An analysis of more than 14,000 Delta cases by England’s public-health agency found a double dose of the shot developed by Pfizer Inc. and BioNTech SE reduces the risk of hospitalization after infection with Delta by 96%. Two doses of the vaccine developed by the University of Oxford and AstraZeneca reduce the risk by 92%, Public Health England said.
Very few of those hospitalized in the U.K. have been fully vaccinated, with the new cases mostly among younger people who aren’t yet vaccinated. There is no evidence that young adults and children are more at risk proportionately from this variant than other age groups, and the increased transmission mostly reflects the fact that they haven’t been immunized, scientists say.
In other news that caught the FEHBlog’s eye this Monday —
- The FEHBlog enjoys following the healthcare efforts of business giants like Amazon, Apple, and Walmart.

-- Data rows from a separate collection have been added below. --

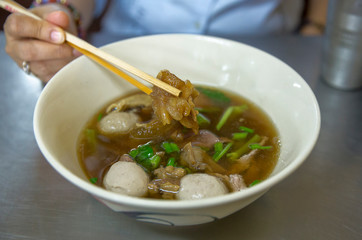 Eating clear stewed beef soup in Thailand, focus selective.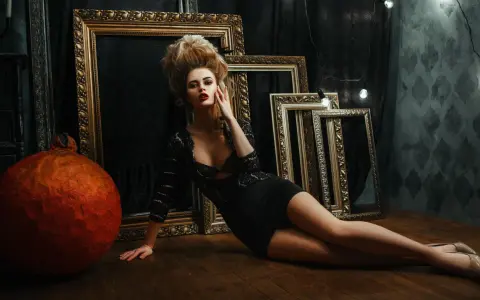 Une femme aux cheveux volumineux, dans une robe noire, pose près de cadres dorés. Un tuto Photoshop pour un look dramatique.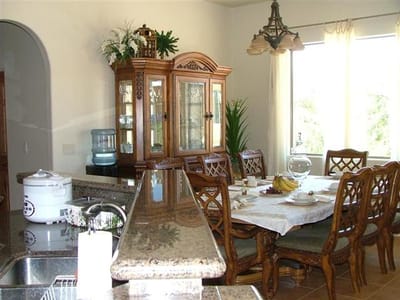 Bright dining area with wooden furniture and decor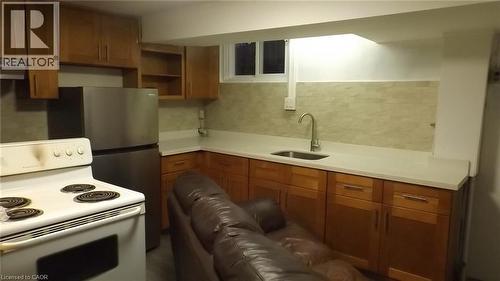 Kitchenette featuring wood-finish cabinetry, light-toned countertops, a stainless steel refrigerator, and a white electric range - 68 Austin Drive, Waterloo, ON - Indoor Photo Showing Kitchen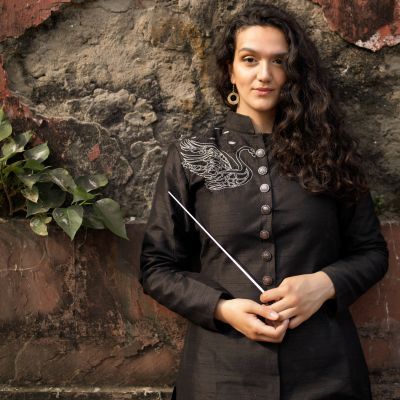 Portrait photo of a woman with long dark curly hair standing against a brick wall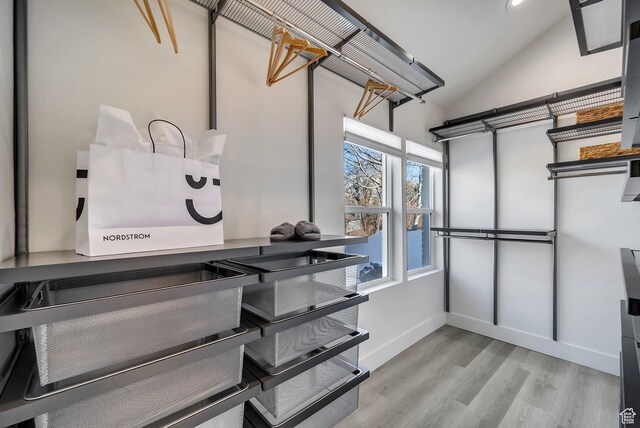 1489 E Spring Ln S, Holladay, UT 84117 - walk in closet featuring lofted ceiling and light hardwood / wood-style floors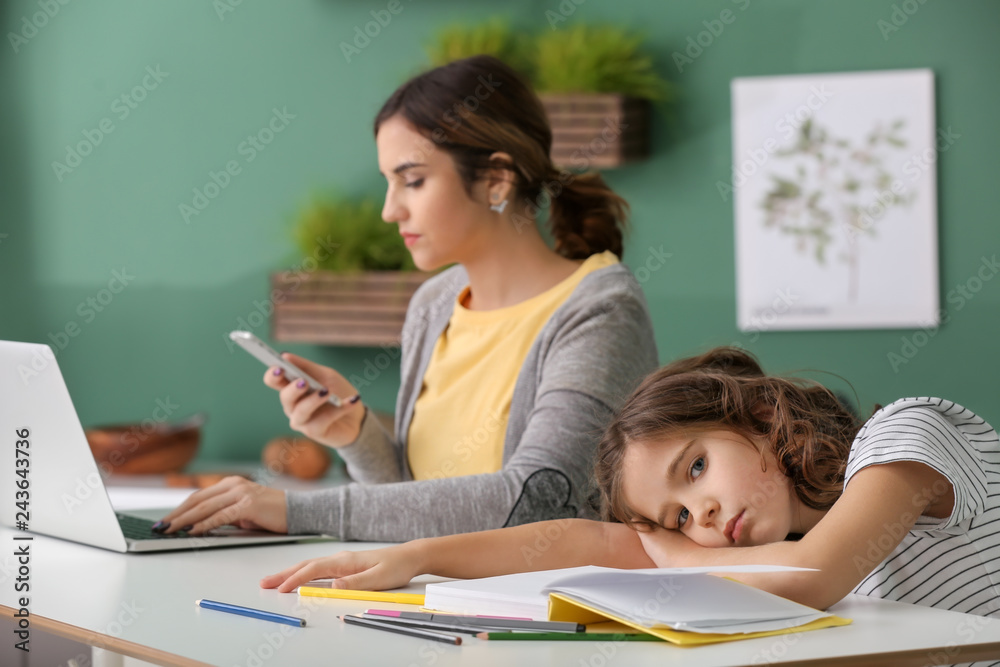 Busy mother with bored daughter working in kitchen at home Busy mother with bored daughter working in kitchen at home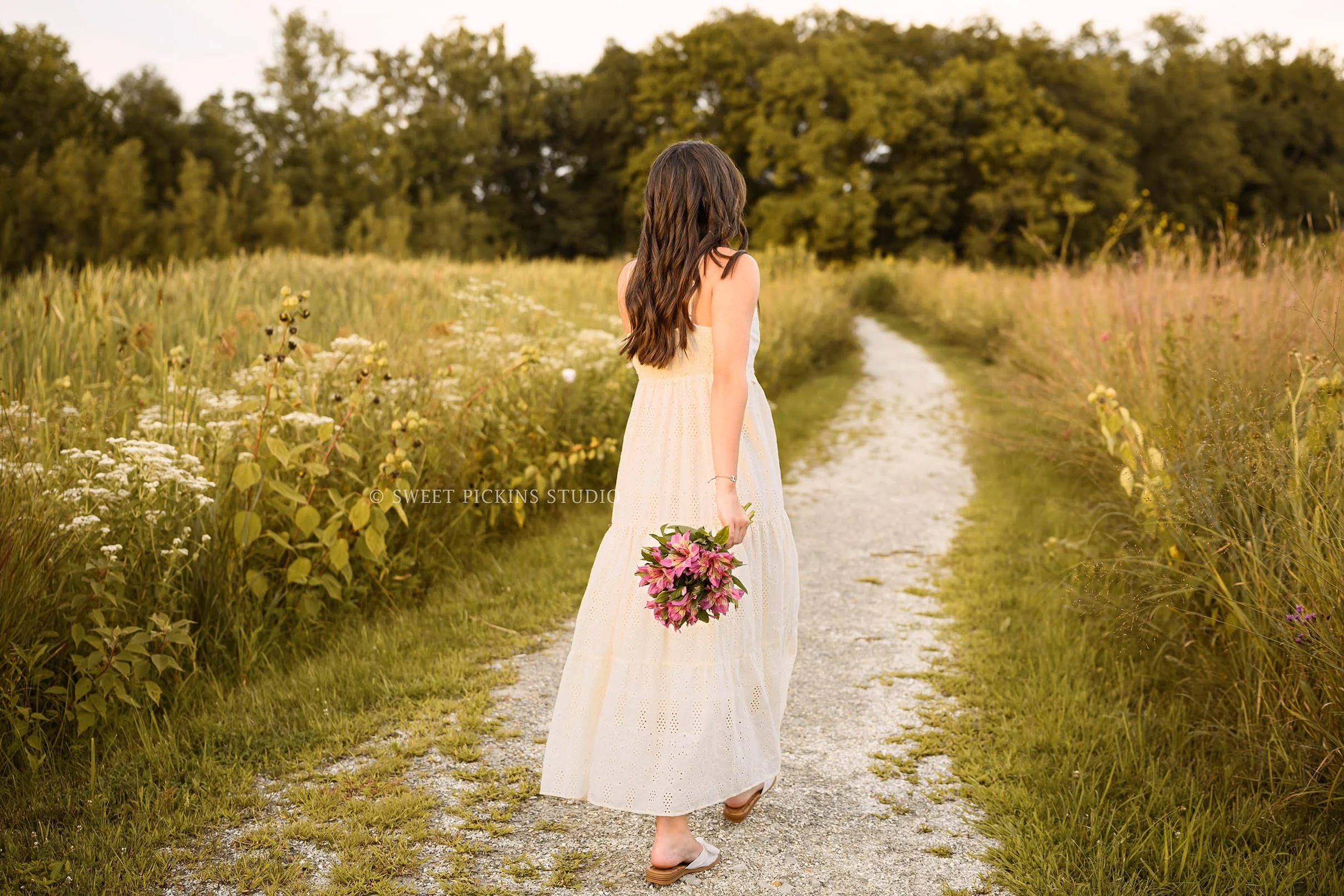 Sophie’s Carmel, Indiana Senior Photography by Sweet Pickins Studio senior photographer Amanda Wilson for class of 2027 Senior girl walking in flower field in cream maxi dress at sunset ©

ZdNet reports on Microsoft’s new healthcare strategy.
- Louisville KY television station WDRB tells us
Brentwood, Tenn.-based LifePoint Health [a large regional health system that owns over 80 hospitals] will acquire Louisville-based Kindred Healthcare LLC, a specialty hospital company, for undisclosed terms, according to a news release Monday. The deal is scheduled to close by the end of the year. The announcement comes weeks after Louisville-based Humana Inc. said it would absorb the remainder of the former Kindred’s home health and hospice business. In the news release, LifePoint said it plans to continue Kindred’s strategy of growing by establishing joint ventures and partnerships with hospitals. * * * LifePoint said it plans to invest $1.5 billion in its business following the deal.
At the time of wrapping up this post on Monday evening, the Senate had not yet taken up Kiran Ahuja’s nomination to be OPM Director. The FEHBlog will keep an eye on this matter. [Tuesday morning supplement — The Senate Press Gallery Calendar informs us that
The Senate on Tuesday morning at 11:45 am will hold two votes:
- Confirmation of the Fonzone nomination.
- Motion to invoke cloture on Kiran Ahuja to be Director of the Office of Personnel Management.
The Senate will recess following the cloture vote on the Ahuja nomination until 2:15 p.m.
At 2:30 p.m. vote:
- Confirmation of the Ahuja nomination.